4)Accept that men and women see certain things very differently, such as housework. As a woman, it's all very well reading feminist texts and fighting for equality in the home, but the brutal reality of the situation is that men generally do not consider housework a priority. I say generally because I know that there are lots of women who are just as skanky as men in this respect, but from my years of observations gleaned from my own life and others, it is clearly apparent that you're lucky if you find a man that gives a shit about the house. Mostly it is a pointless exercise trying to train men to be clean and tidy. It can be liberating to simply accept that they have lower standards and are not deliberately trying to piss you off. Could you ask for jobs to be done rather than expecting them to happen automatically? Or get a cleaner? It only costs the same amount as the wine and takeaway you both got in to calm things down after the cleaning row. If you are a skanky man or woman living with a clean person, take note - it can make a massive difference to harmony in the home if you run the hoover around once in a while without being asked. You're not living with your Mum and I bet you HAVE noticed that pile of hair with the dead spider on top in the corner.

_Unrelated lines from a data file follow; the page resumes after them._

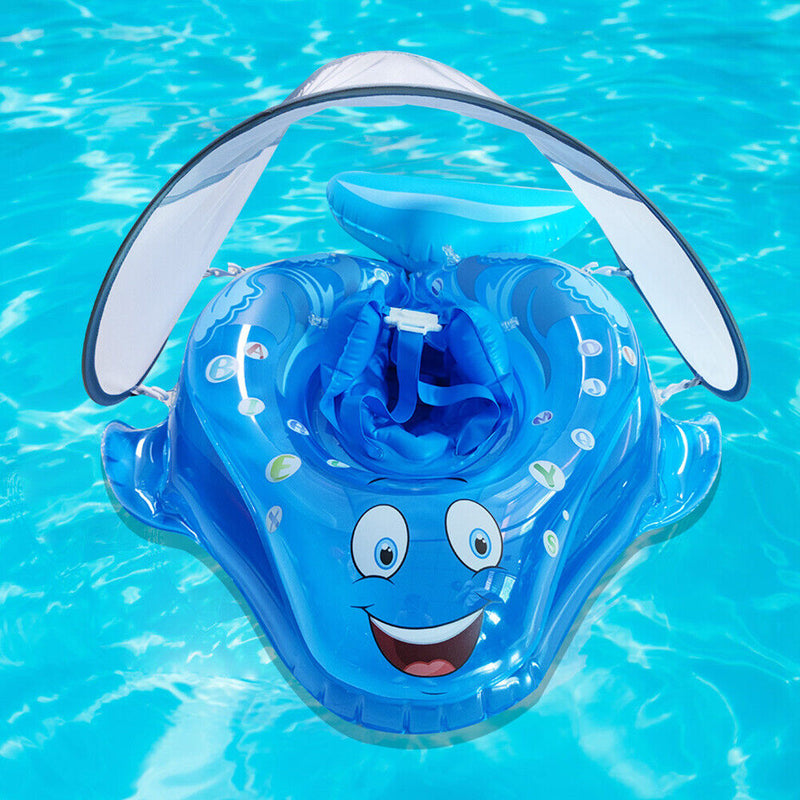 Baby Sunshade Swimming Rings Seat Inflatable Infant Kids Float Swim Circle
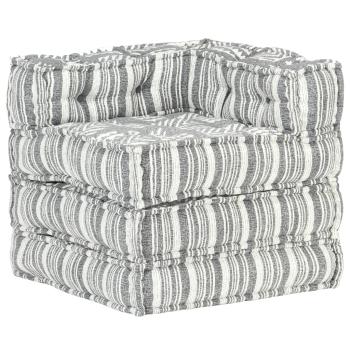 ARDEBO.de - Modularer Pouf Grau Gestreift Stoff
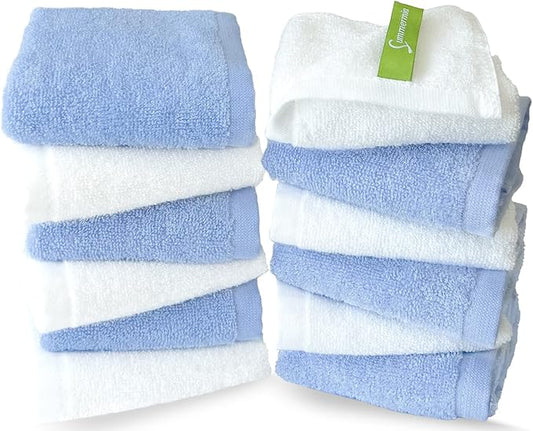 Washcloths 12 Pack 13" x 13" - Soft Wash Cloths for Your Face Towel, Wash Cloths for Your Body (White+Blue)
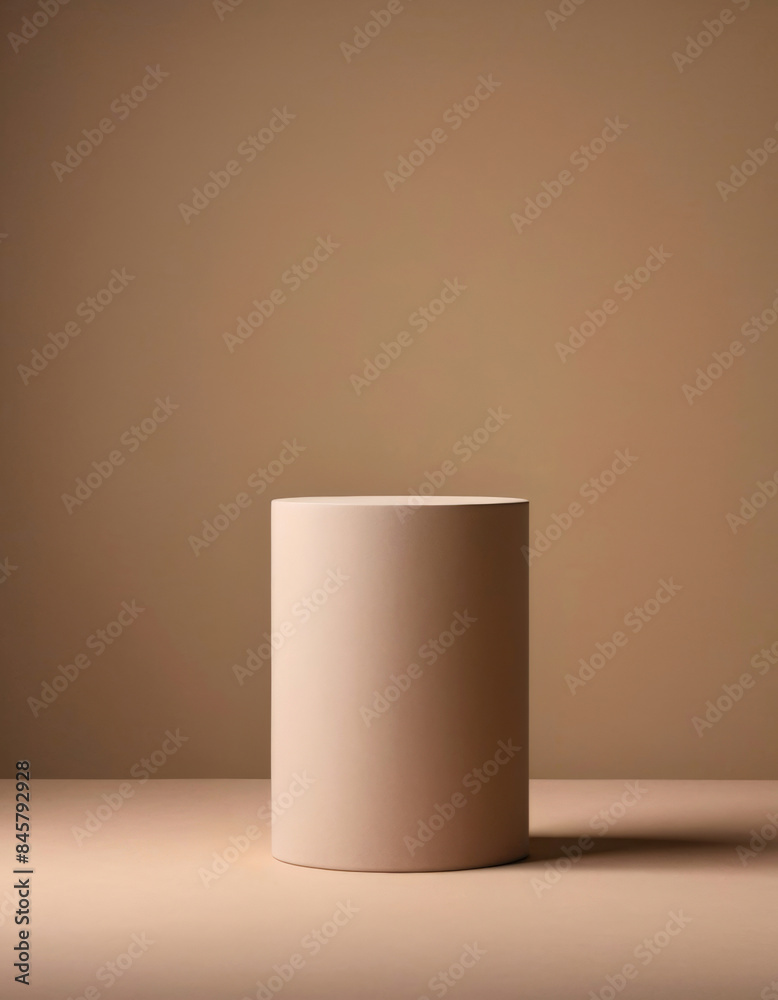 Beige cylindrical tall product display stand on light background. Beige cylindrical tall product display stand on light background.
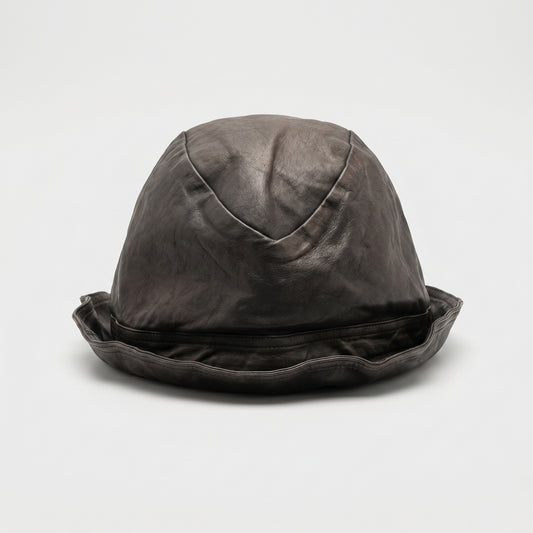 Sculptural Leather Bucket Hat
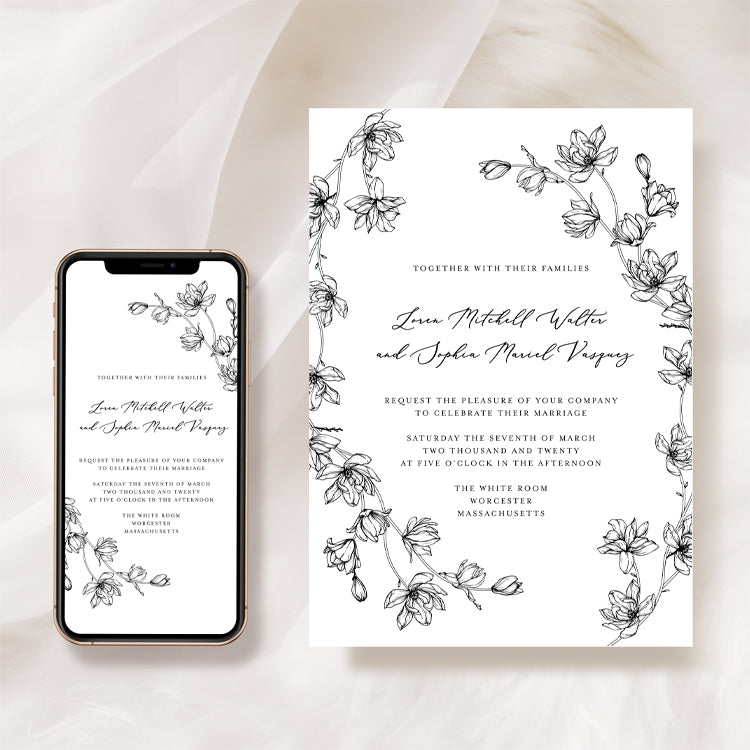 Flower Wedding Invitation Suite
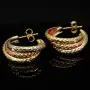 14 Karat (585) Tricolor Gold-Creolen mit edel facettierter Struktur (Gelbgold, Roségold und Weißgold)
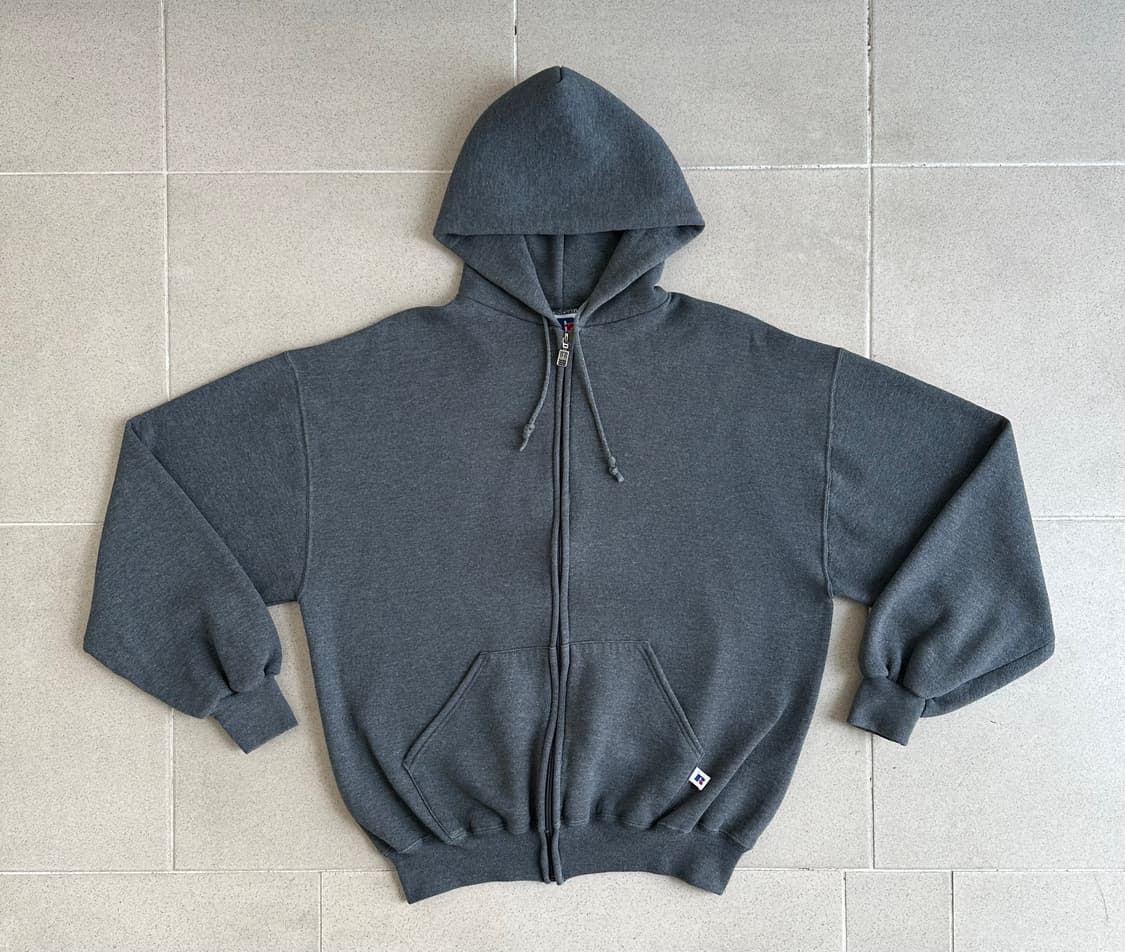 90s 빈티지 러셀 후드집업 다크그레이 L USA 상품이미지1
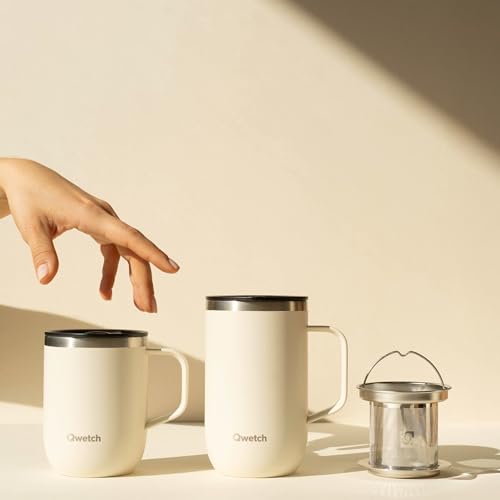 QWETCH Tea Infuser Mug with Handle 470ml - Black Recycled Stainless Steel - Keeps Beverages Hot for 6h / Cold for 12h - BPA-Free, Splash-Proof Lid, Built-in Stainless Filter - Image 9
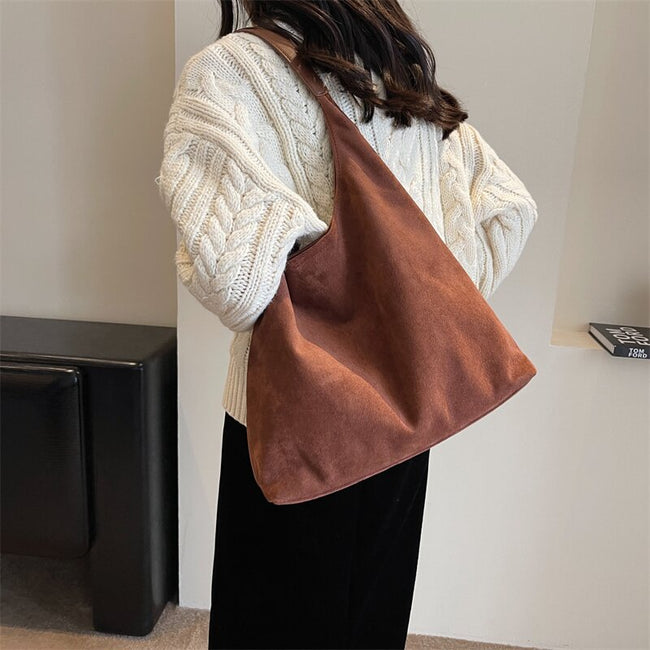 Sac cabas polyvalent en suédine mate de style rétro pour femme Main Image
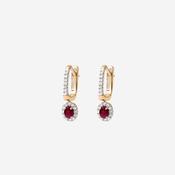 Ruby &amp; Diamond Drop Earrings | 9ct Gold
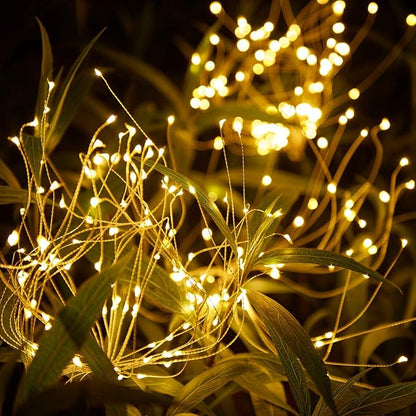 Christmas Outdoor Garden Decorative Lights, Solar Firework Lights 105 LED Powered 35 Copper Wires, DIY Flowers Fireworks Stars for Walkway Pathway Backyard Christmas Party Decor (Warm White 2 Pack)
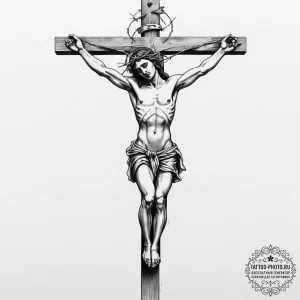 Crucifixion, tattoo line art, realistic black... - эскиз тату (№1751968037_0, 08.07.2025 09:47) — tattoo-photo.ru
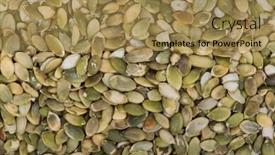  Presentation with pumpkin seeds - Theme featuring background-of-heap-peeled-pumpkin background and a coral colored foreground
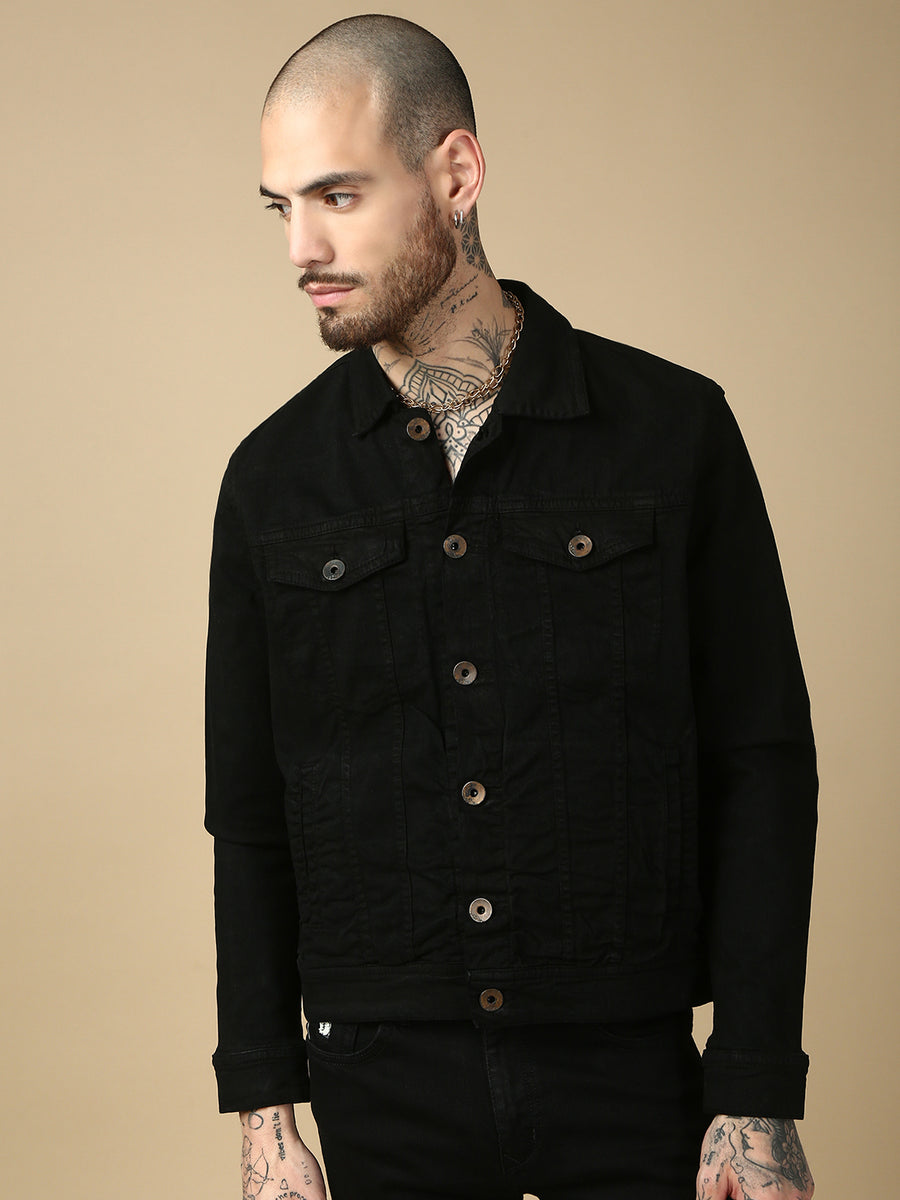 Black Over Dyeing Slim Fit Jacket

5)Men are not from Mars and women are not from Venus. We are all from Earth but everyone is very bad at communicating. How many times have you secretly fumed over something your partner has done or expected them to know what you were thinking? None of us were born mind readers except Derek Acorah. Don't expect your partner to know what would make you happy, or what is making you unhappy. You have to tell them. You have to be clear and express yourself and let them know how things make you feel. Try to refrain from passive aggressive shit like 'forgetting' to record their favourite TV show or being moody. Just talk. It works, honestly.